> [WORK TO BE COMPLETED] Return each line exactly, beginning with the one that has "Kerala Tissue Single" and finishing with the final line of the material. Drop any pictures.

> [DATA EXTRACTS]
================
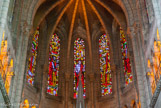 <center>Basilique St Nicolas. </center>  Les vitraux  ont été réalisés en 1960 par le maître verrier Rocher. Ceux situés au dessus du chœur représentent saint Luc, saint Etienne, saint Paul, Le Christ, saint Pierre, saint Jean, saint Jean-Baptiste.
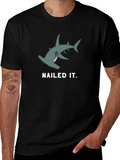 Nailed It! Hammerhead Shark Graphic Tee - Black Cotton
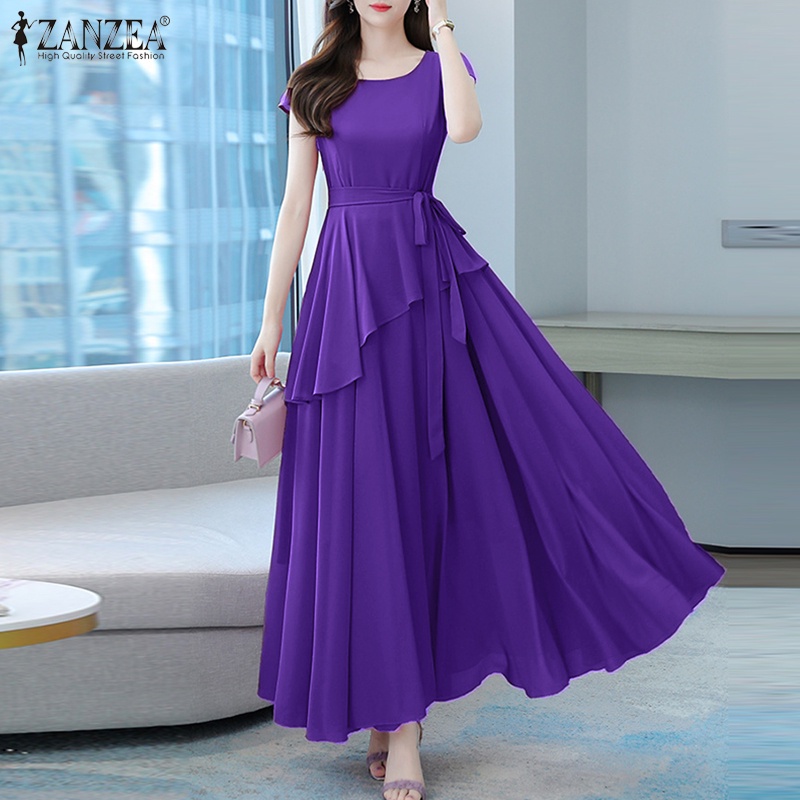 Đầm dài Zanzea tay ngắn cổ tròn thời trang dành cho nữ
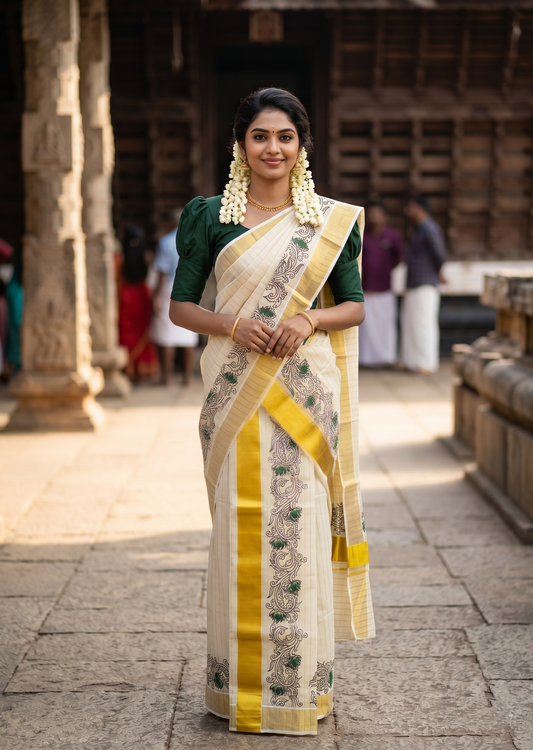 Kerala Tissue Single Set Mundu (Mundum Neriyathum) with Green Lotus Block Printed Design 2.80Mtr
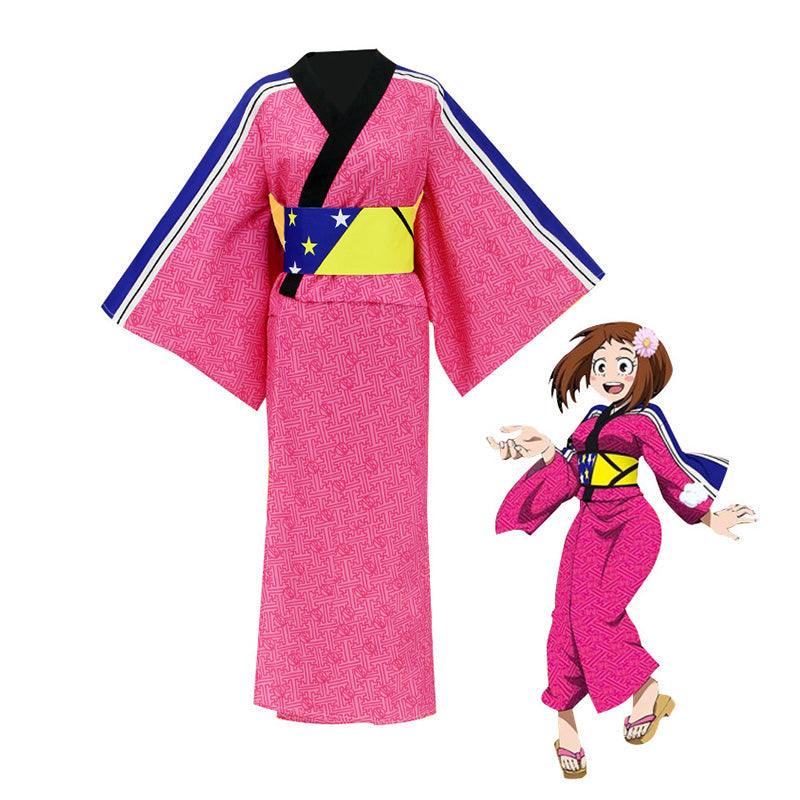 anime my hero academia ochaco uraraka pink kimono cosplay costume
================
> [RESPONSE TO THE EXERCISE]
 Kerala Tissue Single Set Mundu (Mundum Neriyathum) with Green Lotus Block Printed Design 2.80Mtr
 anime my hero academia ochaco uraraka pink kimono cosplay costume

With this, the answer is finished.